Return the line that has "Recambio de alternador" and all lines below it through the last, exactly as they stand; omit pictures.

-- RECORDS PROVIDED follows --

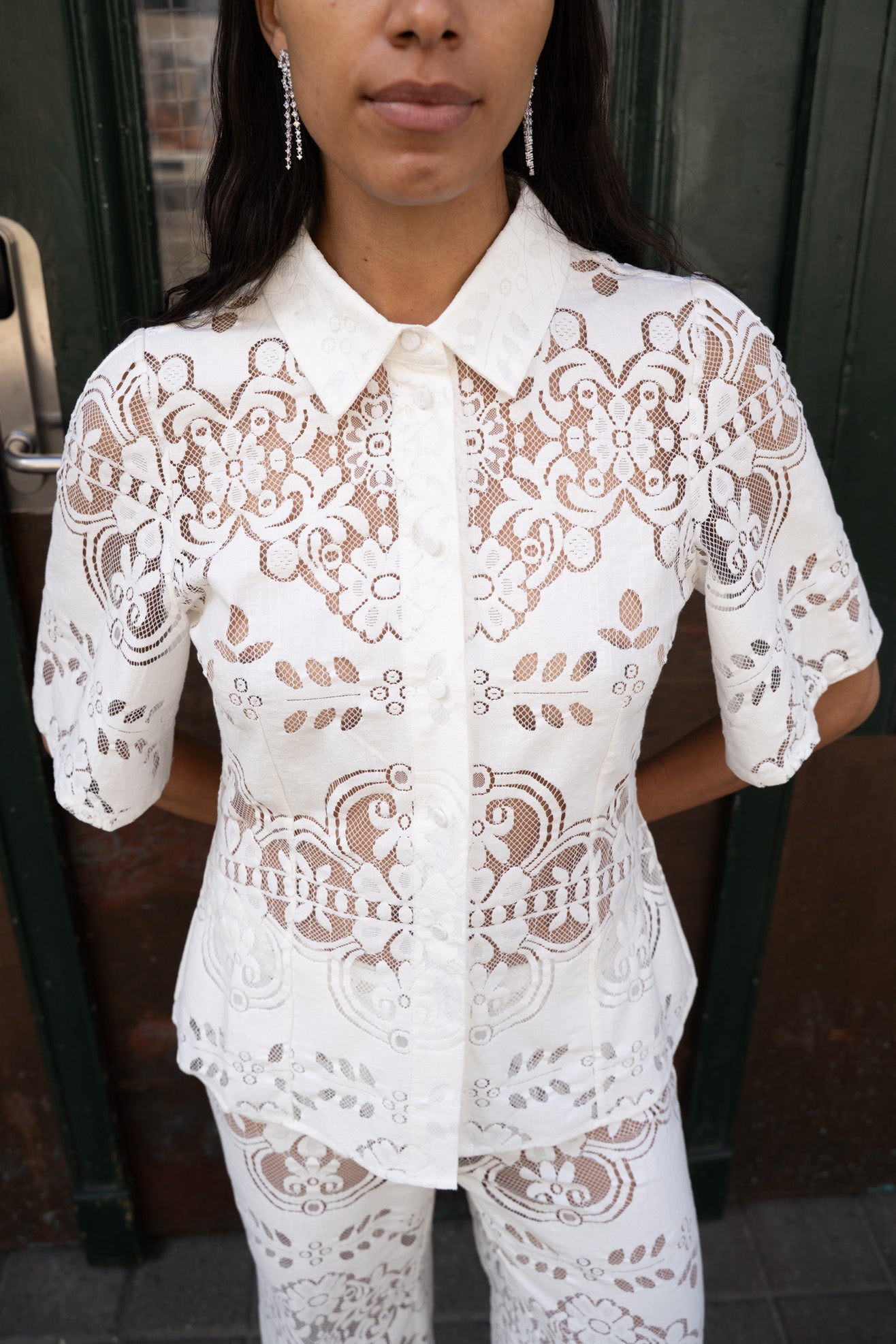 MR. LARKIN, Tillie Shirt, Pearl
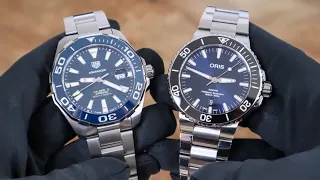 ЧТО ЛУЧШЕ КУПИТЬ? TAG HEUER AQUARACER VS ORIS AQUIS DATE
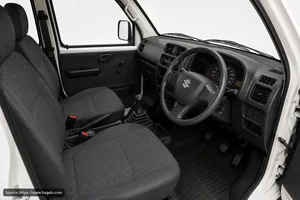 Suzuki Eeco interior view 3 for South African vehicle comparison
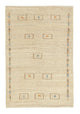 Persisk Gabbeh Tæppe 166x113cm - Perserteppich Wollteppich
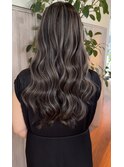 ハイライトショートヘアダブルカラーイルミナカラーオージュア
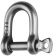 Wichard 51204 - D-Shackle Titanium 8 mm Wichard 51204 - D-Shackle Titanium 8 mm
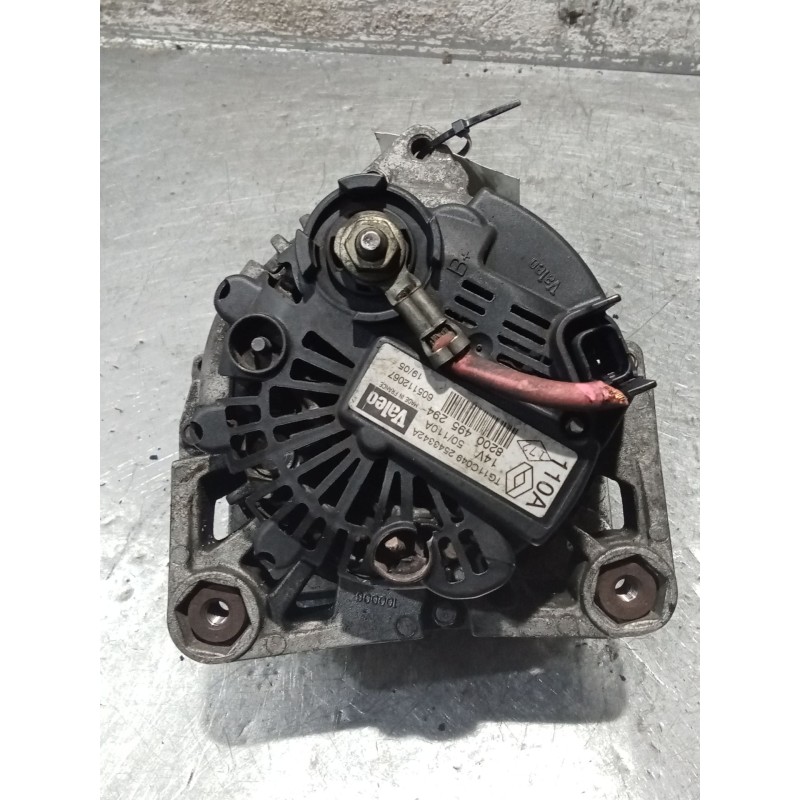Recambio de alternador para renault grand scénic ii (jm0/1_) 1.9 dci (jm0g, jm12, jm1g, jm2c) referencia OEM IAM 8200495294 TG11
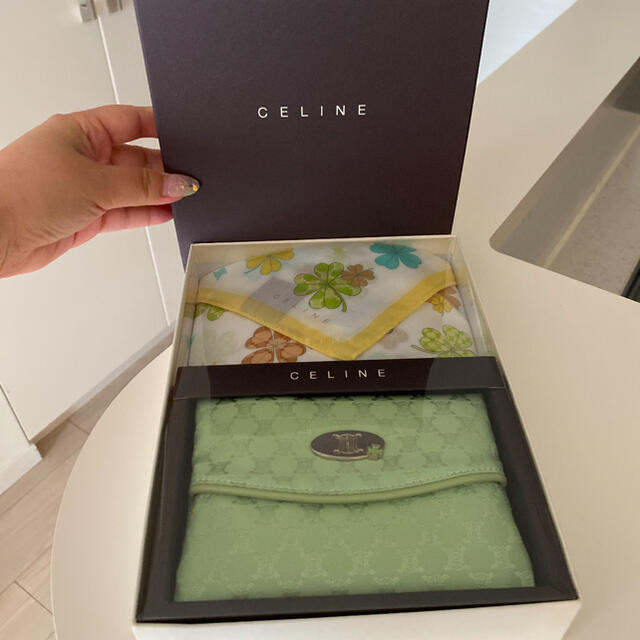 celine(セリーヌ)のCELINE セリーヌハンカチ＆ティッシュケース レディースのファッション小物(ハンカチ)の商品写真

-- RECORDS PROVIDED concluded --

** RESPONSE **
Recambio de alternador para renault grand scénic ii (jm0/1_) 1.9 dci (jm0g, jm12, jm1g, jm2c) referencia OEM IAM 8200495294 TG11
 celine(セリーヌ)のCELINE セリーヌハンカチ＆ティッシュケース レディースのファッション小物(ハンカチ)の商品写真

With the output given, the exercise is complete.